Lol, I forgot what the inside of my car looks like til I saw the link to my old thread. Car in shop for last two weeks.


----------



## Cruze_EcoJAY (Nov 29, 2011)

cruzeman said:


> Lol, I forgot what the inside of my car looks like til I saw the link to my old thread. Car in shop for last two weeks.


Ive heard you have the most modded cruze. Post pics??? I wanna see it lol


----------



## boats4life (May 28, 2011)

Nice! That'll be good for shows.


----------



## Cruze_EcoJAY (Nov 29, 2011)

Sold the 7 color. No lights for me, wasnt a big fan.


----------



## Camcruse (Oct 4, 2011)

Cruze_EcoJAY said:


> @Camcruse honestley not sure if its worth the time, I just use one of thise clips from walmart haha. And maybe you could buy one and it will snap right in idk ive never seen one. Worth goin to a dealer and checking though if you want one.

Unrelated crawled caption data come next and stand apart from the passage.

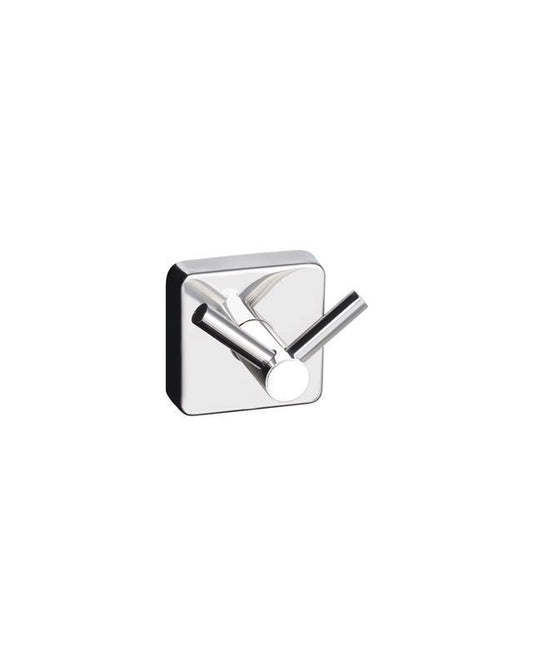 Appendino quadro doppio in acciaio inox cromo New line crus, dettaglio ravvicinato del materiale e dell'aggancio - Exagonshop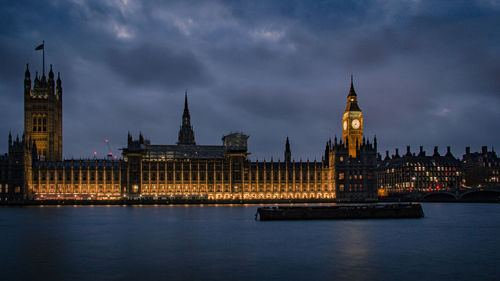 Big ben against cloudy sky at evening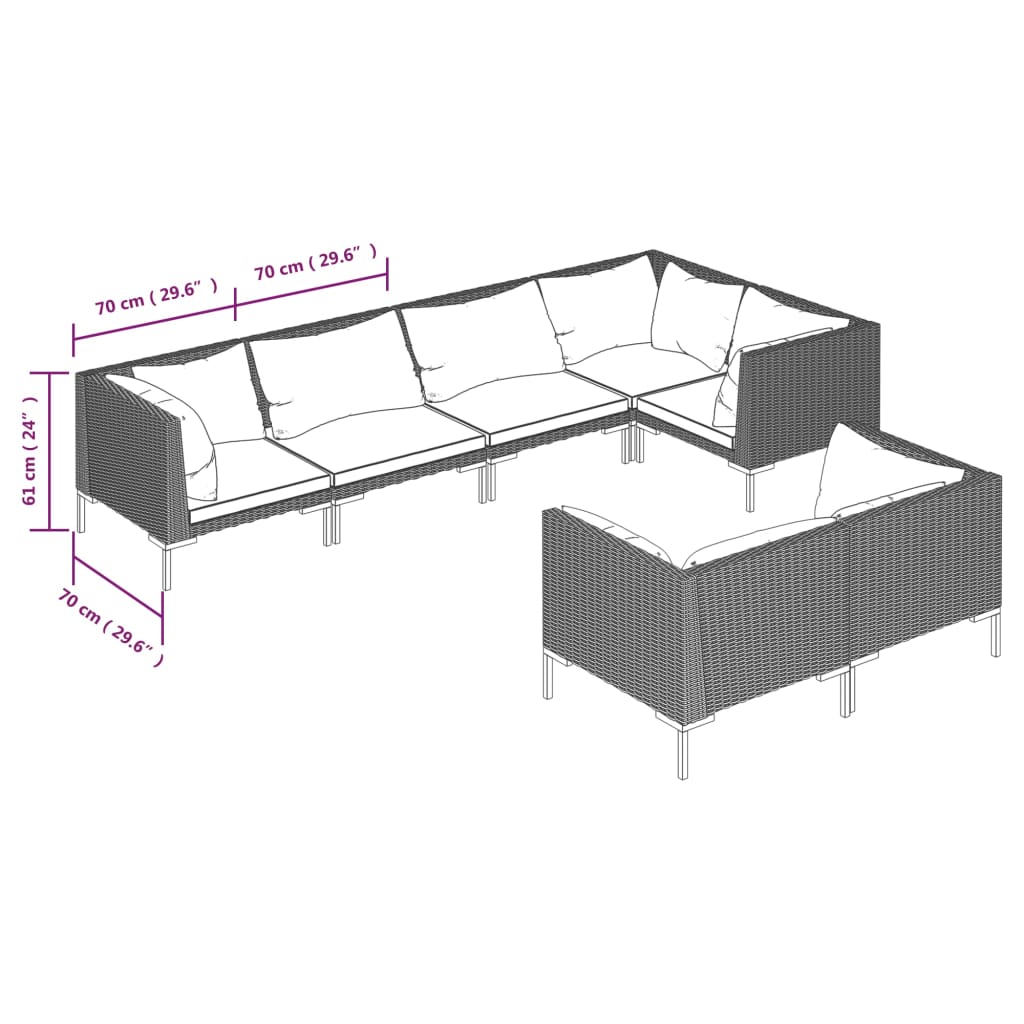 Salon de jardin 7 pcs avec coussins Résine tressée Gris foncé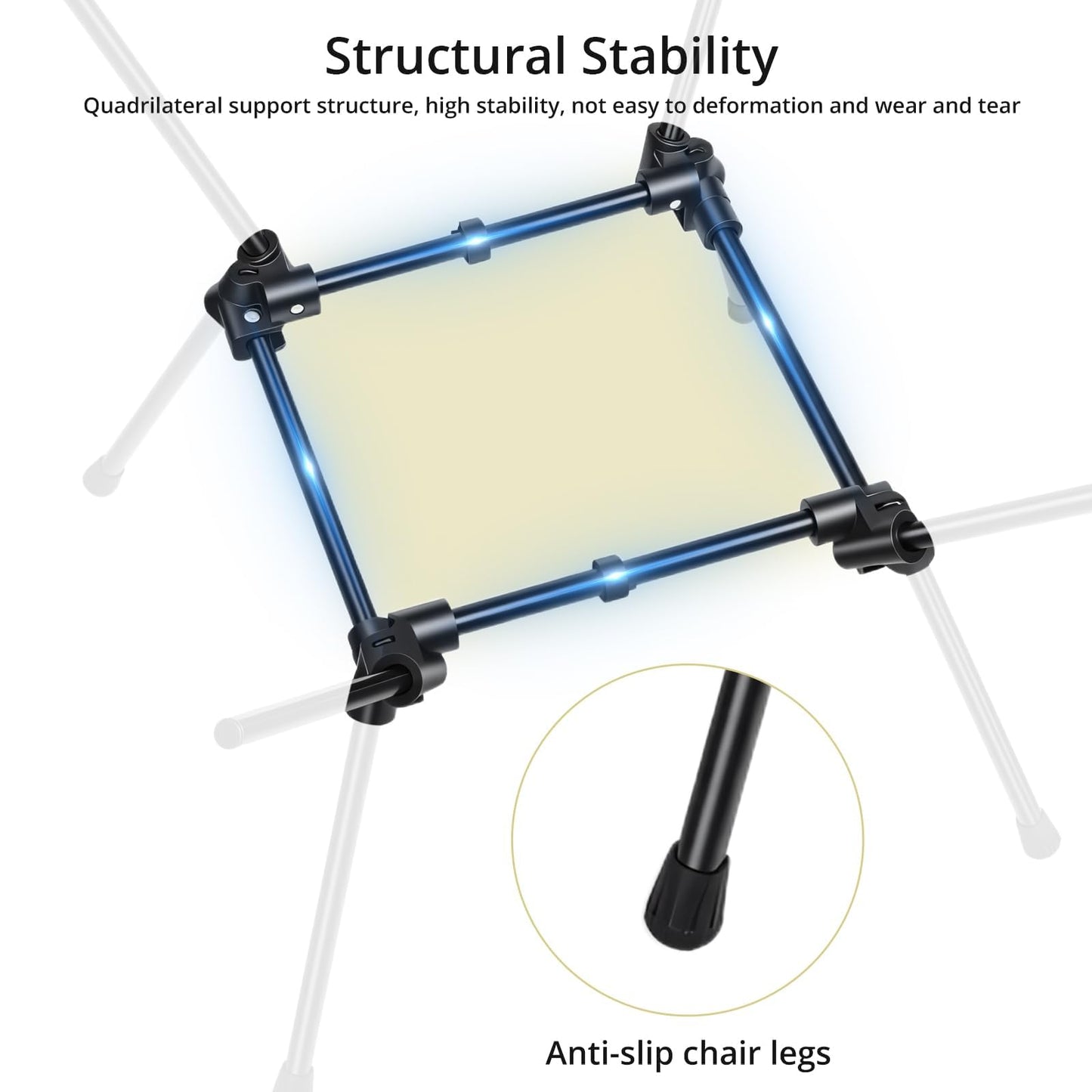 Anbte Extra Height & Width Portable Camping Chair, 400LBS Capacity Compact Folding Chair with Square Frame Quick Setup Storage Bags on Both Sides, Ideal for Camping Hiking Beach Picnic Outdoor, Black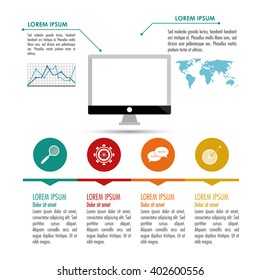 Infographic and computer design , vector illustration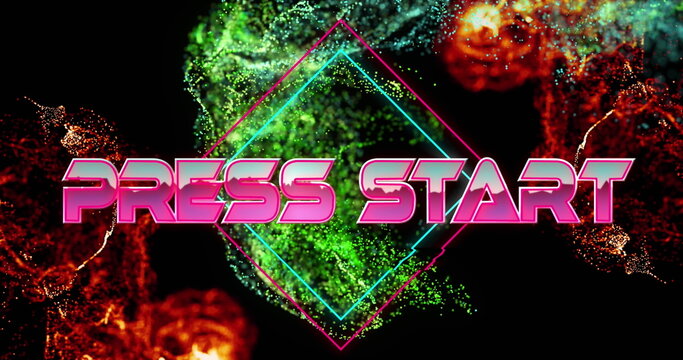 Image of press start text banner over digital waves against black background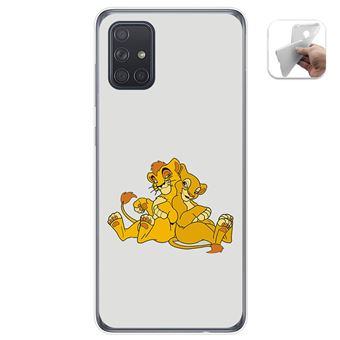 Capa Tumundosmartphone de Gel TPU para Samsung Galaxy A71 design Lions Drawings - 1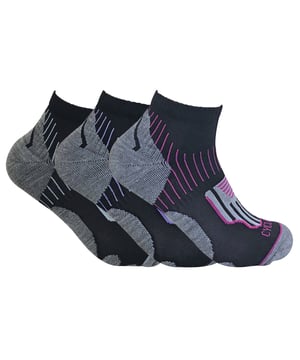 If you are an avid cycler and are looking for a reliable pair of functional cycling socks to keep your feet comfortable and temperature regulated whilst you are cycling, then consider these men's cycling socks. These women's cycling socks have many features that will help maintain your performance. Firstly, they are moisture wicking which helps keep your feet dry, breathable and temperature regulated keeping them cooler in the summer. The mesh panels knitted in the sock facilitate this. Their short length also allows for more flexibility and breathability. The sock is also layered with cushioned fabric to prevent blisters and keep your feet generally comfortable. The cushioned areas protect the heel, toe, and guard against Achilles tendon damage. These socks are also hard wearing with a high polyester content to make them durable. These women's cycling socks are available in a 3-pair pack and come in a size 4-7 UK 37-42 EU 4-8 US. They are made from 45% polyester 35% acrylic 18% polyamide and 2% elastane. They are also safely machine washable.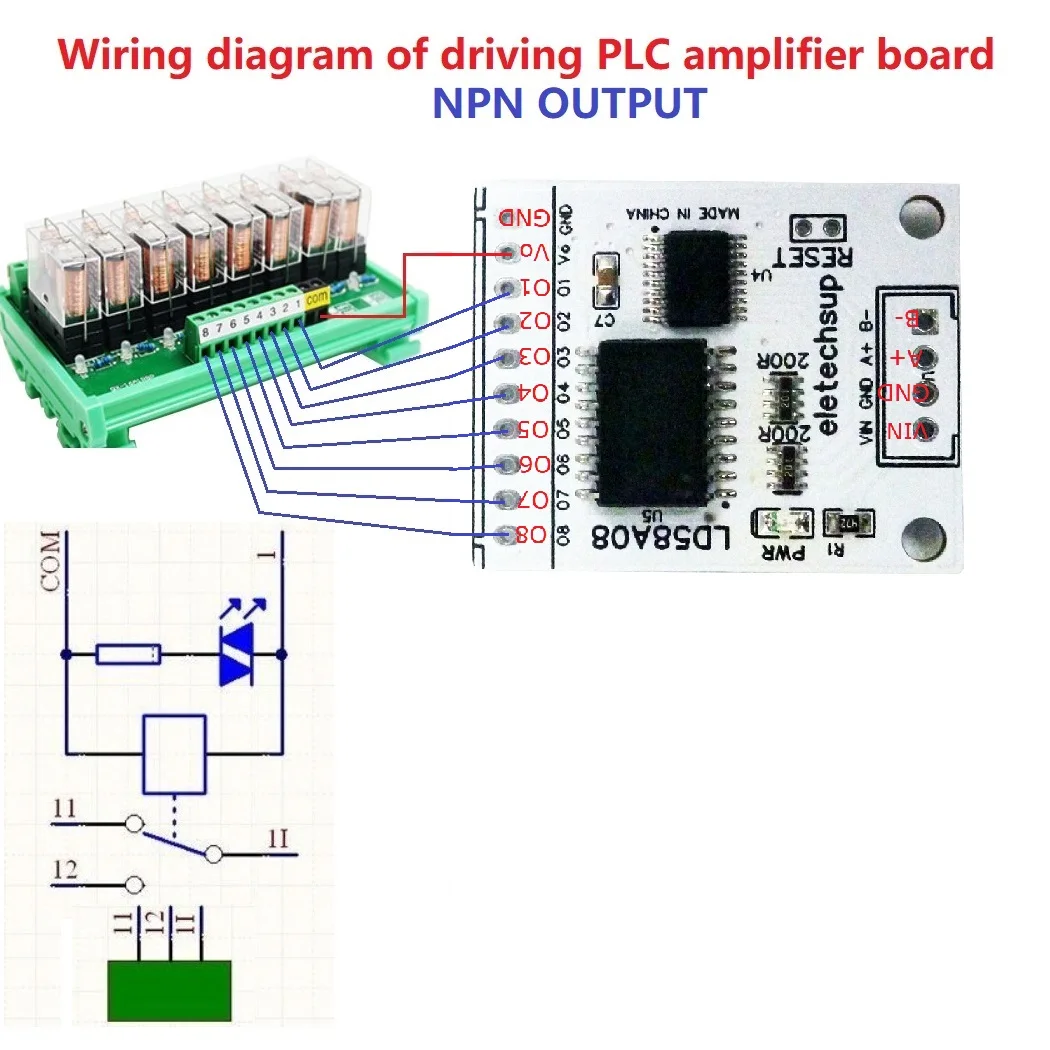 8-канальный RS485 Modbus RTU DO/PWM выход Многофункциональная плата драйвера MOS для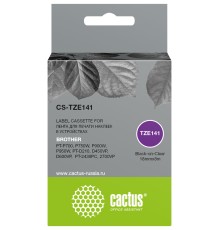 Картридж ленточный Cactus CS-TZE141 TZe-141 черный для Brother PT-P700, P750W, P900W, P950W, PT-D210, D450VP, D600VP, PT-2430PC, 2700VP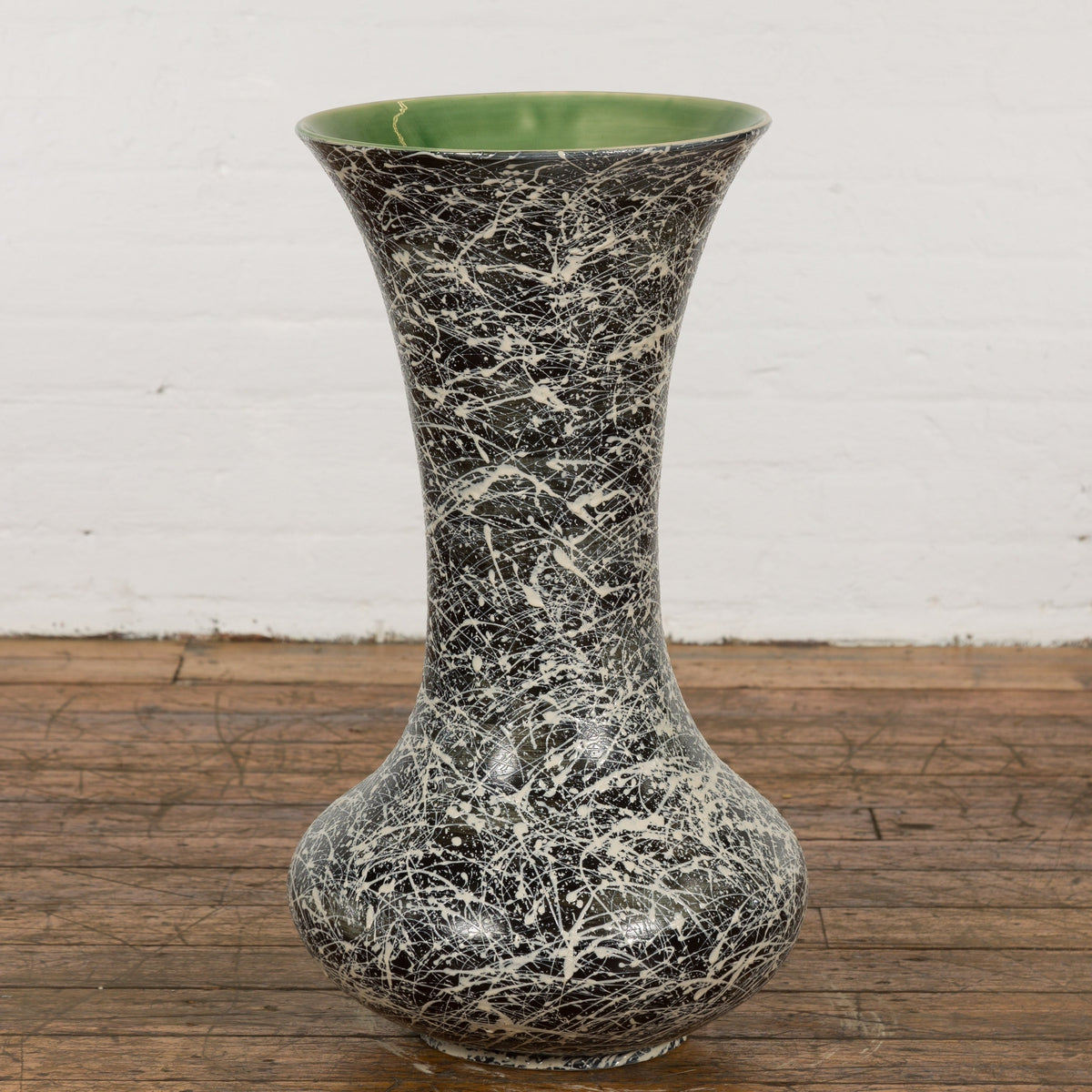 Tall Prem Collection Artisan Made Black and White Vase with Dripping Décor-5. Asian & Chinese Furniture, Art, Antiques, Vintage Home Décor for sale at FEA Home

Ordered this off ebay. It replaces the drivers side handle.

eBay - New & used electronics, cars, apparel, collectibles, sporting goods & more at low prices


----------



## Mick (Dec 31, 2011)

Can you post installed pics. Not sure I like it yet but do need something for shades.


----------



## Hatje (Jun 23, 2011)

would love to see installed pics to! im not sure where that goes???


----------



## Mick (Dec 31, 2011)

Above driver door, replaces OH $HI+! handle


----------



## Camcruse (Oct 4, 2011)

Here's pic of the eye glass holder that I picked up. It's a direct replacement of the OEM handle holder.

Spring action so it keep the glasses out of site.

Real cool.


----------



## GoldenCruze (Dec 18, 2011)

I might go for that. I never use that handle anyway, and never notice it either.


----------



## NYCruze2012 (Jan 16, 2012)

Ordered and got mine. For $13.99 its worth it.

Sent from my DROID3 using AutoGuide.Com Free App


----------



## rbtec (Feb 3, 2012)

Camcruse said:


> Here's pic of the eye glass holder that I picked up. It's a direct replacement of the OEM handle holder.
> 
> Spring action so it keep the glasses out of site.
> 
> Real cool.


What color is it?


Sent from my Autoguide iPhone app


----------



## NYCruze2012 (Jan 16, 2012)

rbtec said:


> What color is it?
> 
> 
> Sent from my Autoguide iPhone app


Light gray

Sent from my DROID3 using AutoGuide.Com Free App


----------



## NYCruze2012 (Jan 16, 2012)

It literally took less than 10 minutes to install. 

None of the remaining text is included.